Aquellos que sostienen una problemática tienen serios
problemas de convivencia académica, porque una escuela no está para acoger a artistas
que tienen la mitad de su cabeza puesta en su propia producción de obra. Una escuela necesita unos frustrados
reproductores de conocimiento, con
cursillos de historia del arte que se asemejen lo más posible a comentarios de
diapositivas sobre arte universal, que sea. Luego vendrán los indicios de arte
contemporáneo, navegando todo lo que se pueda, pero sin leer un solo
libro. Enfin, algunos, de autores
españoles que se caracterizan por un generalismo abismante.
Pero no se vaya a pensar que existe una relación necesaria
entre escuela e inscripción en la escena.
Las bondades de una escuela son de orden banal, de una ingenuidad que
raya en la indolencia. Las inscripciones son situaciones de reconocimiento
directo de grupos decisorios que combinan los intereses de curadores (brokers),
galeristas y coleccionistas, de acuerdo
a una “teoría local” de validación y colocación de obras en un nicho más o
menos estricto del arte internacional.
Hay directores de escuela que piensan que su rol es el de asegurar
servicios post-venta, y hacen que a sus alunos se les enseñe a
preparar dossiers y fabricar portfolios. Algunos, más astutos, apuestan por promover
a sus egresados haciéndolos participar en concursos, en becas, en residencias,
pero no manejan las condiciones de atribución.
Al final, lo que funciona es la operatividad de la noción de capital
cultural según Bourdieu; lo cual encubre mal los efectos de la lucha de clases
en el imaginario ilustrativo de este país.

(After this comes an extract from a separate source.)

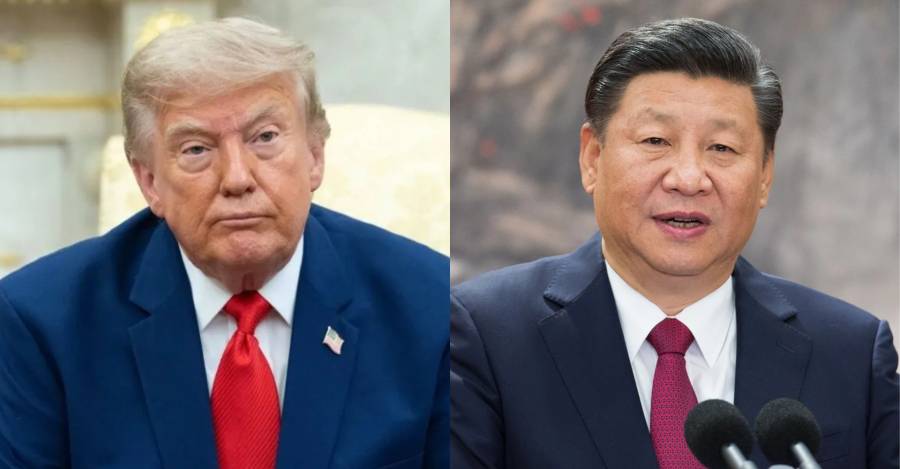 Donald Trump y Xi Jinping.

Sin embargo, hay que distinguir entre fallas estructurales
de inscripción y ausencia total de empleabilidad para los egresados de una
escuela de arte. Eso lo saben todos los
docentes-artistas y no es posible, si respetamos los principios del movimiento
estudiantil en su lucha por la calidad ética y formal de las prácticas de
enseñanza, seguir aceptando este estado
de cosas.
Pero claro: la precarización del empleo no hace más que
fortalecer una escena , que al final de cuentas nada tiene que ver con la
creación, sino con la reproductibilidad académica de un espacio universitario en el que se castiga el lucro.

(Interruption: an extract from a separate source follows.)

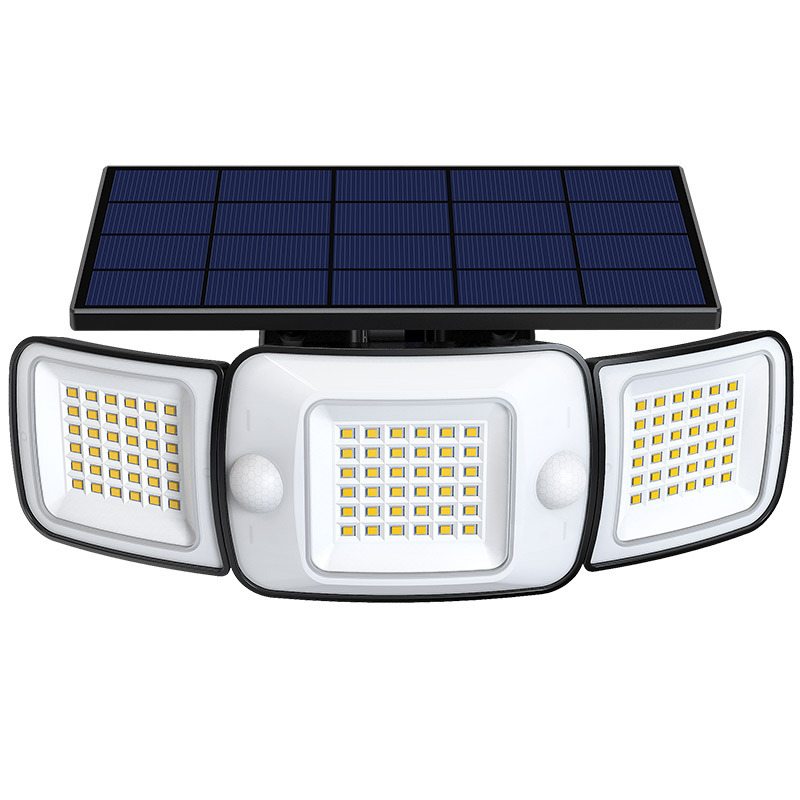 Solar Light Outdoor 328/348 LED Integrated Super Bright Motion Sensor Strong Power IP65 Waterproof 3 Working Modes Garden Wall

De este modo, las escuelas no forman artistas. El
reconocimiento como tal de los artistas
y la habilitación de su inscripción en una escena específica, depende de
procesos “un poco más” complejos, que pueden y deben prescindir de las
escuelas. Sin embargo, “las-madres-de-chile” exigen la validez de un
diploma y hacen la vista gorda sobre el fraude que toleran. Quizás haya que regresar a formas
pre-universitarias de transmisión de saberes, donde el diagrama de las obras
sea el único criterio de delimitación de las responsabilidades sociales.

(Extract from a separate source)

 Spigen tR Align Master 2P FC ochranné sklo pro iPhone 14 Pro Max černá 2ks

Si las propias universidades fueran consecuentes con sus
exigencias formales, debieran cerrar la admisión en arte y terminar de titular
a los rezagados. Ninguna escuela tiene
calidad moral, ni andamiaje ético, ni rigor académico para asegurar la reproducción de las más
mínimas habilidades analíticas y poiéticas.
Los pocos artistas consecuentes que conozco deben resistir
con cinismo ante los estragos de la depreciación de la transferencia. Un buen curso no hace escuela. Las escuelas no son importantes sino gracias
al trabajo de grupos minoritarios de profesores que hacen el trabajo más
pesado. Una escuela es tan solo un
aparato garantizador de ficción. El
problema de la inscriptividad apenas
depende de la escuela.
Entonces, el cierre de la escuela exige de los estudiantes
disponer de una voluntad de
autoformación que tenga claridad sobre la filiaciones, para definir de manera estratégica un trabajo, en un
cuadro de exigencias que los obligan a
estar directamente informados.
Los estudiantes de hace veinte años eran revisteros. Hoy día
(mal) viven de Internet. Han perdido la pasión por las materialidades.
Pero ese es un problema grave. Los
artistas, a lo mejor, debieran regresar a la materia. Debieran simplificar sus procedimientos y
abaratar cada vez más sus producciones, porque la compositividad y el montaje
pueden ser reconvertibles desde un pedazo de papel de cuaderno y un lápiz de
grafito y una caja de lápices de colores.